__Aim of the exercise__.
Locate the line that contains "Seller image for" in the data that follows. Copy it and every subsequent line to the end, exactly, excluding pictures.

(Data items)
-------------------------
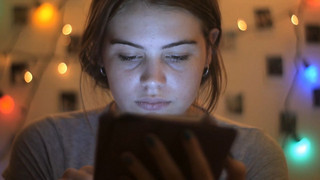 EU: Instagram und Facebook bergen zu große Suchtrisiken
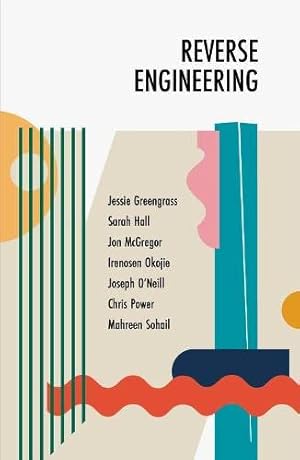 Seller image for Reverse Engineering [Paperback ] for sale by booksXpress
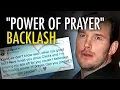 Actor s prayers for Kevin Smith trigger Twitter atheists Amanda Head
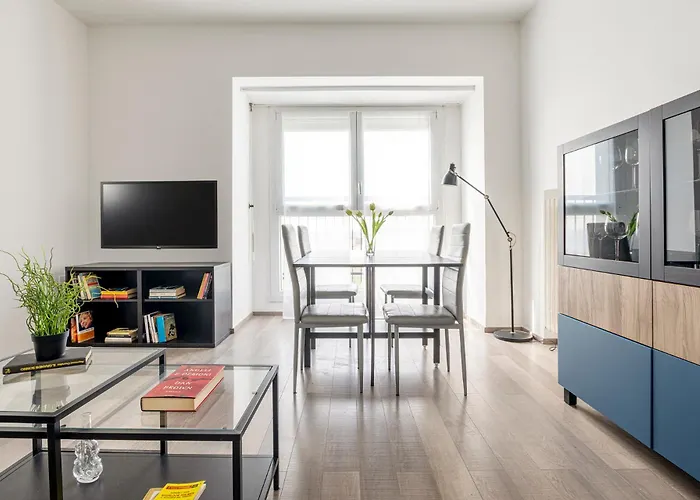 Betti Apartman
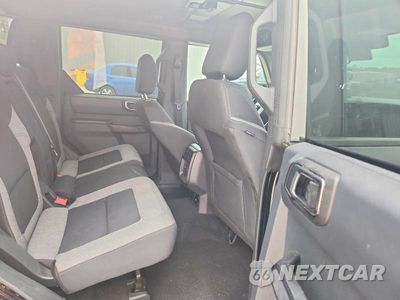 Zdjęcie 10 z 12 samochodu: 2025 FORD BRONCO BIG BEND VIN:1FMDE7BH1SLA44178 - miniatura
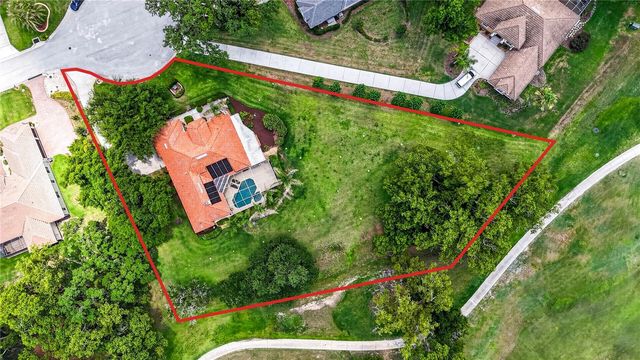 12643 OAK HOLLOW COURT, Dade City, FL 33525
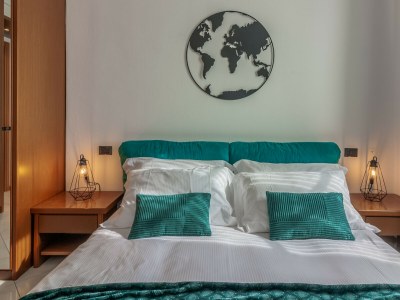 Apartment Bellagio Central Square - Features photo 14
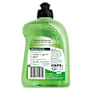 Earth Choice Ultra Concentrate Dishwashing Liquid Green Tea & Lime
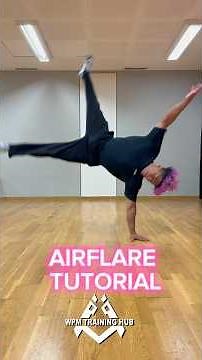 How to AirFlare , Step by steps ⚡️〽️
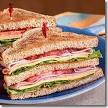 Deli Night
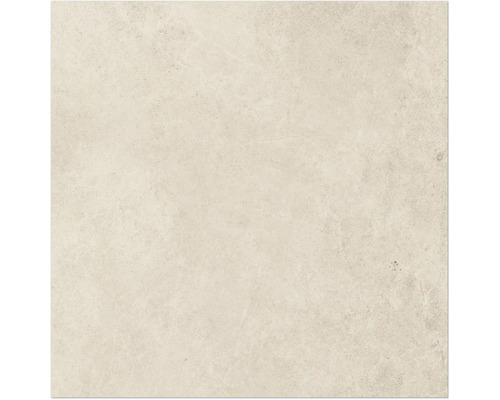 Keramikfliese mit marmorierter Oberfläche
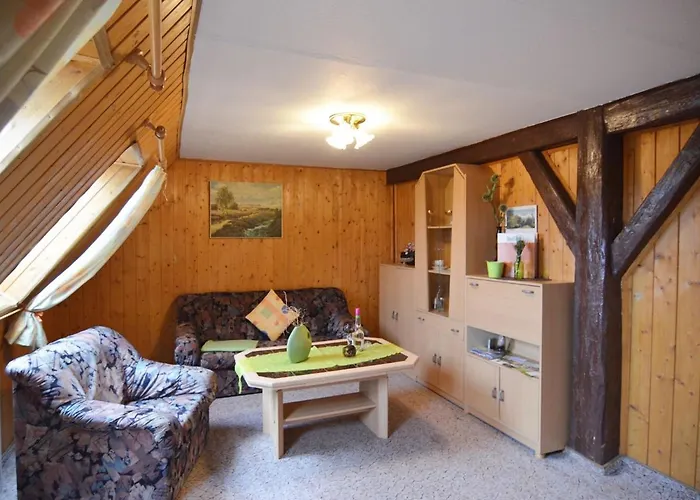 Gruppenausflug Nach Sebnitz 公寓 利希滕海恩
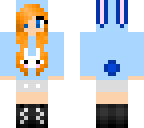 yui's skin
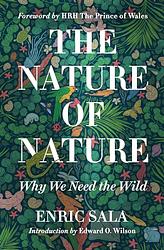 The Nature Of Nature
-------------------------
__Task result__.
 Seller image for Reverse Engineering [Paperback ] for sale by booksXpress
 Actor s prayers for Kevin Smith trigger Twitter atheists Amanda Head
 Betti Apartman
 Zdjęcie 10 z 12 samochodu: 2025 FORD BRONCO BIG BEND VIN:1FMDE7BH1SLA44178 - miniatura
 12643 OAK HOLLOW COURT, Dade City, FL 33525
 Apartment Bellagio Central Square - Features photo 14
 Earth Choice Ultra Concentrate Dishwashing Liquid Green Tea & Lime
 How to AirFlare , Step by steps ⚡️〽️
 Deli Night
 Keramikfliese mit marmorierter Oberfläche
 Gruppenausflug Nach Sebnitz 公寓 利希滕海恩
 yui's skin
 The Nature Of Nature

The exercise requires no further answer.